**What you should do:** Among the lines below, count those with the word "salmon". Answer with the number only.

(Data entries)
"""

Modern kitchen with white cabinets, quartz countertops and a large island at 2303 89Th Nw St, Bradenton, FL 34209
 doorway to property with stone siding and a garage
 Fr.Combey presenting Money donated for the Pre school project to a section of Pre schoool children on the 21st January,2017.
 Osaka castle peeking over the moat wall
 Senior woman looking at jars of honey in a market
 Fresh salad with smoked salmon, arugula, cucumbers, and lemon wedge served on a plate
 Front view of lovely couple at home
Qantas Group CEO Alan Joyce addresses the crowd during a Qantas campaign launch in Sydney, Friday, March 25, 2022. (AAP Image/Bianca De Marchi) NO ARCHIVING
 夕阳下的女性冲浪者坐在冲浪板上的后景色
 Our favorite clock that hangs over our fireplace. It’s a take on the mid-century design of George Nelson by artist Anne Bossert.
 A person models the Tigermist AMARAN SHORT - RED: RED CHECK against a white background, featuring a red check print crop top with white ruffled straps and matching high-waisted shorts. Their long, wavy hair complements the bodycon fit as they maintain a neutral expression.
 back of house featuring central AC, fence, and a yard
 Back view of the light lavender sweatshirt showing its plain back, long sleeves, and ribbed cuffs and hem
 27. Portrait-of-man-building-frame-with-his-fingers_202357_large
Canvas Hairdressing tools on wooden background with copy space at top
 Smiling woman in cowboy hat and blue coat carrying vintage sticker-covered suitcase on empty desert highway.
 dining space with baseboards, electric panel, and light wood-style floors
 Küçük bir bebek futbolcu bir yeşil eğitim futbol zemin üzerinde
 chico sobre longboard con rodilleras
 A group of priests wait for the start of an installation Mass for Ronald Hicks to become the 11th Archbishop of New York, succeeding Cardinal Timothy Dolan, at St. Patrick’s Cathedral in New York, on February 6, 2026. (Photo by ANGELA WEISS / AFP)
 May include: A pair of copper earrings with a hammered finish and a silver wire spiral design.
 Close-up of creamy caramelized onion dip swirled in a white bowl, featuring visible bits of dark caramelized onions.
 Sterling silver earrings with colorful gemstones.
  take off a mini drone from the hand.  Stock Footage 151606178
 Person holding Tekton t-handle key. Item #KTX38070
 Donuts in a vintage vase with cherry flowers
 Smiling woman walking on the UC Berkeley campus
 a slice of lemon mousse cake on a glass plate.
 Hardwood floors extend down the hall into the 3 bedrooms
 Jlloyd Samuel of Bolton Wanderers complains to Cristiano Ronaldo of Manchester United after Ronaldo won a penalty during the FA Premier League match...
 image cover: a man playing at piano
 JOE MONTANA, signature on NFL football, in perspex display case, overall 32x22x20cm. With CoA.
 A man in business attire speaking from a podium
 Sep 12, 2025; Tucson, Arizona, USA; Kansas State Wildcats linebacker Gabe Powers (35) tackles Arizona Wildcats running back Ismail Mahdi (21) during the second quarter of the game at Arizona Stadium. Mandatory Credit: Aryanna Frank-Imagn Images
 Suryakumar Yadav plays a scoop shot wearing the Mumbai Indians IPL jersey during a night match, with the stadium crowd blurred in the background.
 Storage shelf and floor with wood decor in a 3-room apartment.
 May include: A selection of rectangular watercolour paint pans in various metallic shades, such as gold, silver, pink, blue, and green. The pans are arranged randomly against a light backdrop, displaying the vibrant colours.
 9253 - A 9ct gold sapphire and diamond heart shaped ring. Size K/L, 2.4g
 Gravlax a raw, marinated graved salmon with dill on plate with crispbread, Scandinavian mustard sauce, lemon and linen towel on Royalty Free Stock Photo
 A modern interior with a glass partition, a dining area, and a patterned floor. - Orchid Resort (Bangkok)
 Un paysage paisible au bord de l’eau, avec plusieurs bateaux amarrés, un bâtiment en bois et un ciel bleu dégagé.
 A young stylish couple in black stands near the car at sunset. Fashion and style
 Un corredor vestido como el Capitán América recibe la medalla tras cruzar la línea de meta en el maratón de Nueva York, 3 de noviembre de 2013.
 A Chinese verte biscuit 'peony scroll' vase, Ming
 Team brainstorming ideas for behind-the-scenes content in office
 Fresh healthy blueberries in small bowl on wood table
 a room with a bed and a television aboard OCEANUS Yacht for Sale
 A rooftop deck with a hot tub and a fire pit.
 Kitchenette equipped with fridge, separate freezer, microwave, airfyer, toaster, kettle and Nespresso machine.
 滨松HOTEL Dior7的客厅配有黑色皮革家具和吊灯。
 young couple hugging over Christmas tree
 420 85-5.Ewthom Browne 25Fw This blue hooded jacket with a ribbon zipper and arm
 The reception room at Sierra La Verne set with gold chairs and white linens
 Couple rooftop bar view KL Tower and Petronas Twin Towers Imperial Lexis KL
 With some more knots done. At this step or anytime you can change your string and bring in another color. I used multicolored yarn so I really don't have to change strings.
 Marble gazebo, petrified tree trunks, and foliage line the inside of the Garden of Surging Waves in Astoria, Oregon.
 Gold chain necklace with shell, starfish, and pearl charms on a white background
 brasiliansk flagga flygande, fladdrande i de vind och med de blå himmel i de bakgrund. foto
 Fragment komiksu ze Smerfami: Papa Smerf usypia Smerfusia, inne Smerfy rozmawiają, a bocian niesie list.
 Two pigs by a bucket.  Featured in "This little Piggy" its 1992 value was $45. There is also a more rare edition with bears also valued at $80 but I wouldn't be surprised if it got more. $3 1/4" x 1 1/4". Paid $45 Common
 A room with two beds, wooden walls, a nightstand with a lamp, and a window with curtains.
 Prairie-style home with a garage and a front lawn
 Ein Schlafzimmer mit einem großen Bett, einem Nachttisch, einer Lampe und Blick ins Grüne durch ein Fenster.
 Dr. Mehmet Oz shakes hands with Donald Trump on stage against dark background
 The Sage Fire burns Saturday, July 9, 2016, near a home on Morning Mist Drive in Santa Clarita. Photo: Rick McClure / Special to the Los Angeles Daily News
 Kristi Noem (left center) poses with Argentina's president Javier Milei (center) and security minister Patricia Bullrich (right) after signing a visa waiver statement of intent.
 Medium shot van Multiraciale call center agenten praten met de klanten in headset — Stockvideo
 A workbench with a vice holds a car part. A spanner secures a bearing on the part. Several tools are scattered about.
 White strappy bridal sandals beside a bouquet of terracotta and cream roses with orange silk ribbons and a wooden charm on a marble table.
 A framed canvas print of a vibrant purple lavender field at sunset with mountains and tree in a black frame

"""

**Completed task:** 2